Supplied material:

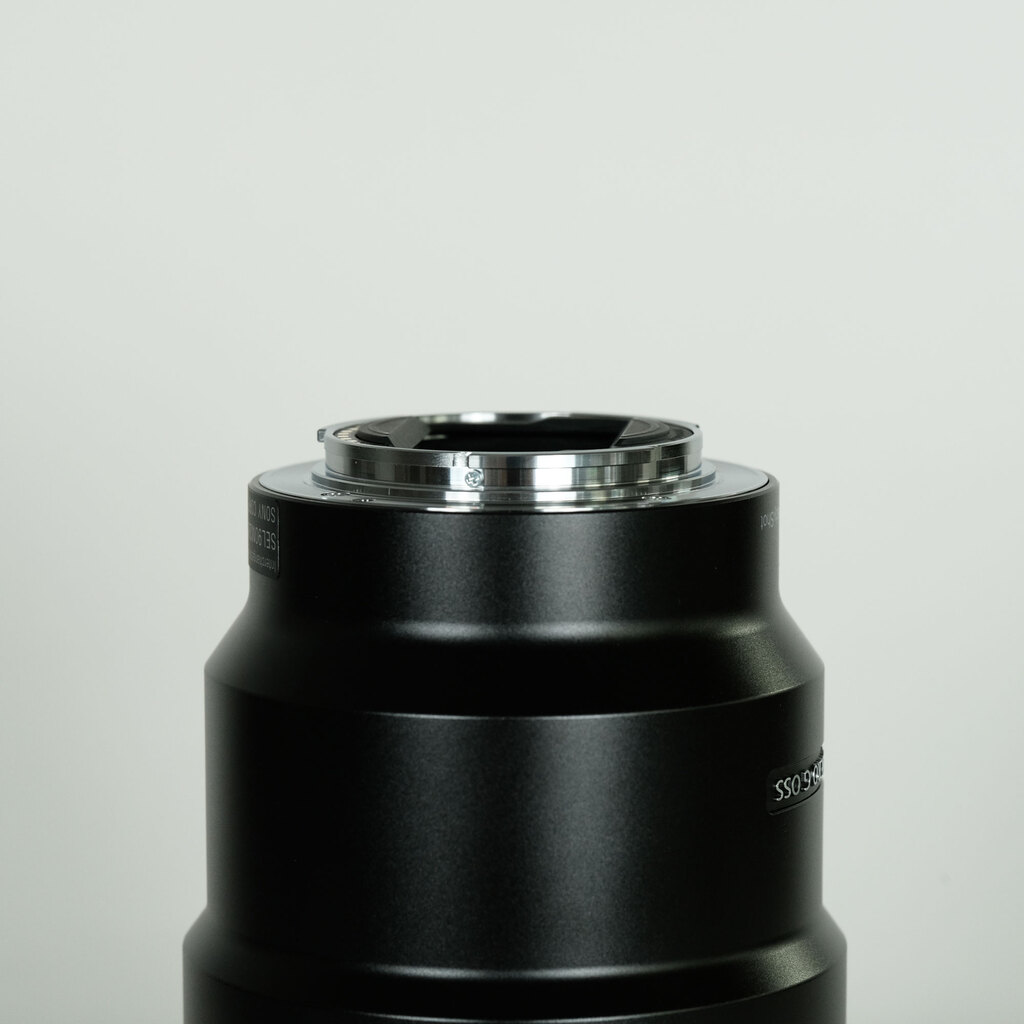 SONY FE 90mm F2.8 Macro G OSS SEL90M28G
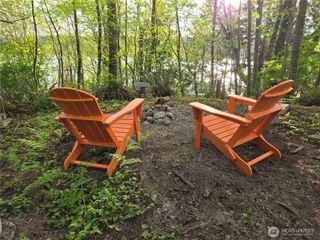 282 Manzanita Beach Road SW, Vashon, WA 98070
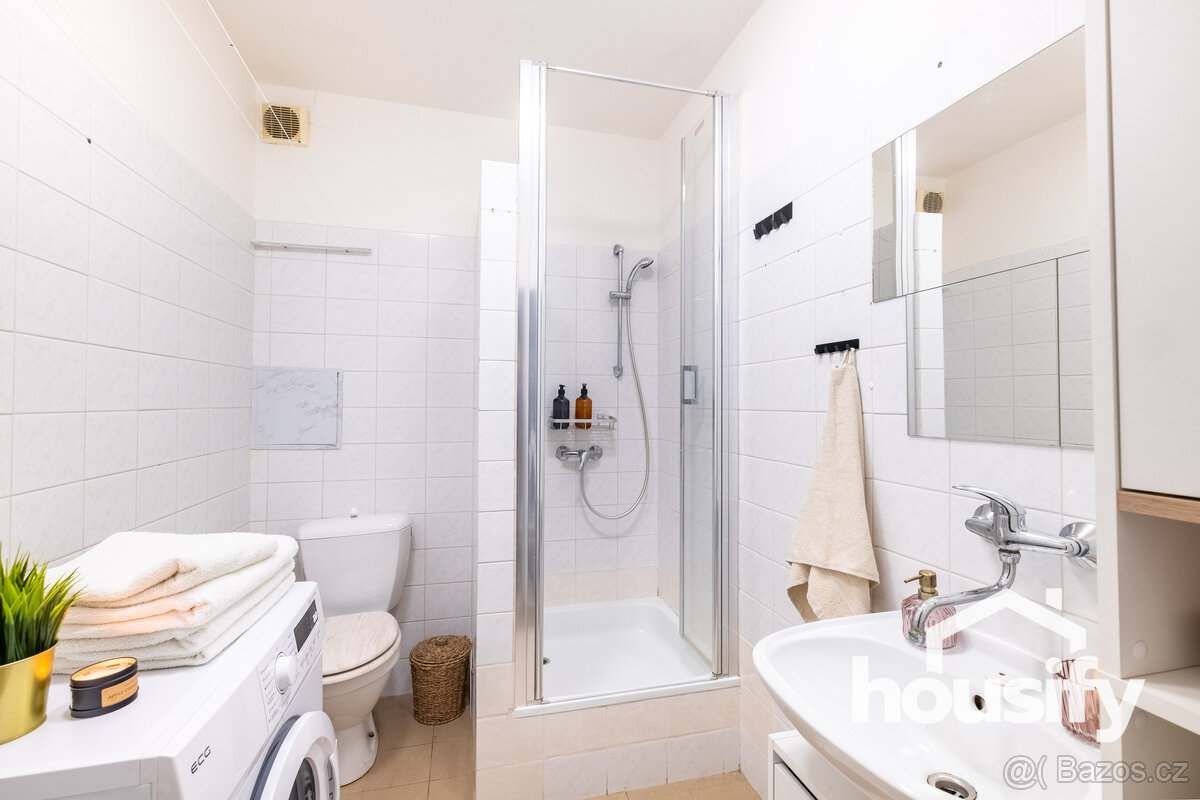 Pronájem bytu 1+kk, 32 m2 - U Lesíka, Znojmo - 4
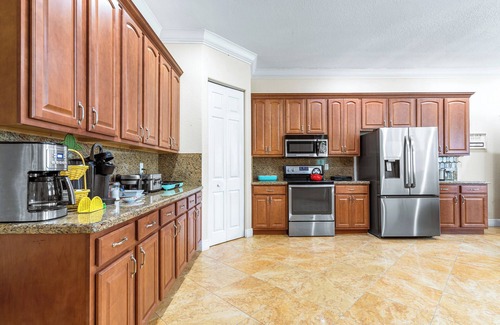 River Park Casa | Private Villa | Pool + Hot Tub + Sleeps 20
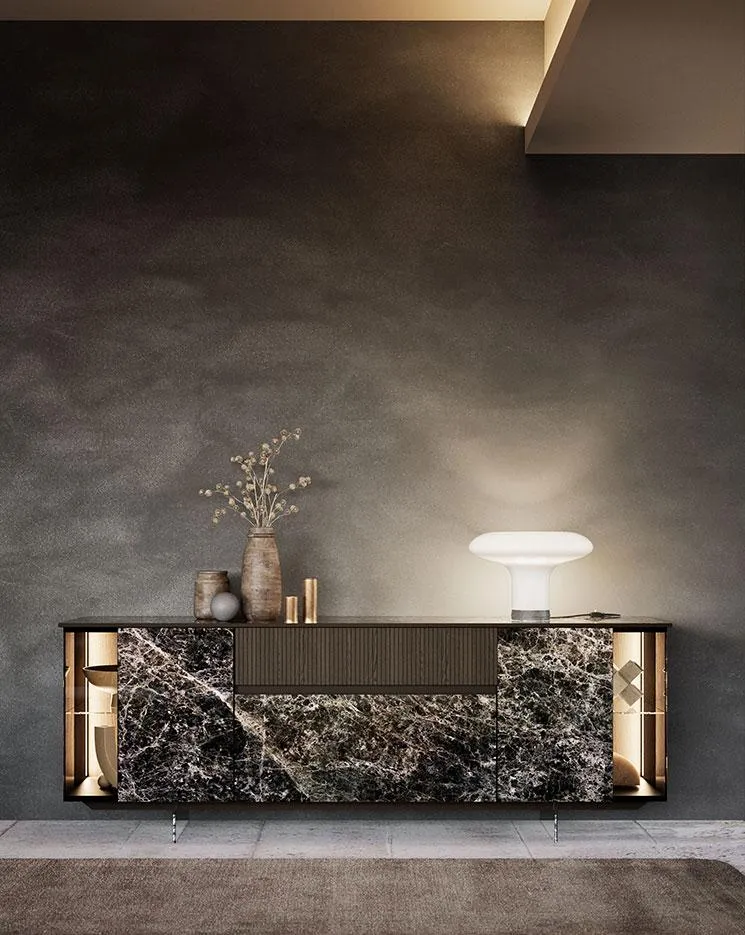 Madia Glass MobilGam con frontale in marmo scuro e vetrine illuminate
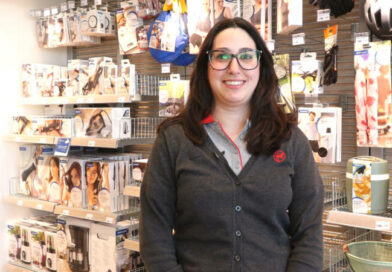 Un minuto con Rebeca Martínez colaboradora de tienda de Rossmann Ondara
--
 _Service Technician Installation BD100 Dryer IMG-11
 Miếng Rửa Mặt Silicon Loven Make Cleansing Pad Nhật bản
==
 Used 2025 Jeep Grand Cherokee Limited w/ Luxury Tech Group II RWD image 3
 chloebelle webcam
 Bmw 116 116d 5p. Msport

Instructions for the task: For this exercise, set down the lines in the entries above from the one with "River Park Casa" through the one with "Un minuto con" exactly as written, without any pictures.

Task response:
 River Park Casa | Private Villa | Pool + Hot Tub + Sleeps 20
 Madia Glass MobilGam con frontale in marmo scuro e vetrine illuminate
 Un minuto con Rebeca Martínez colaboradora de tienda de Rossmann Ondara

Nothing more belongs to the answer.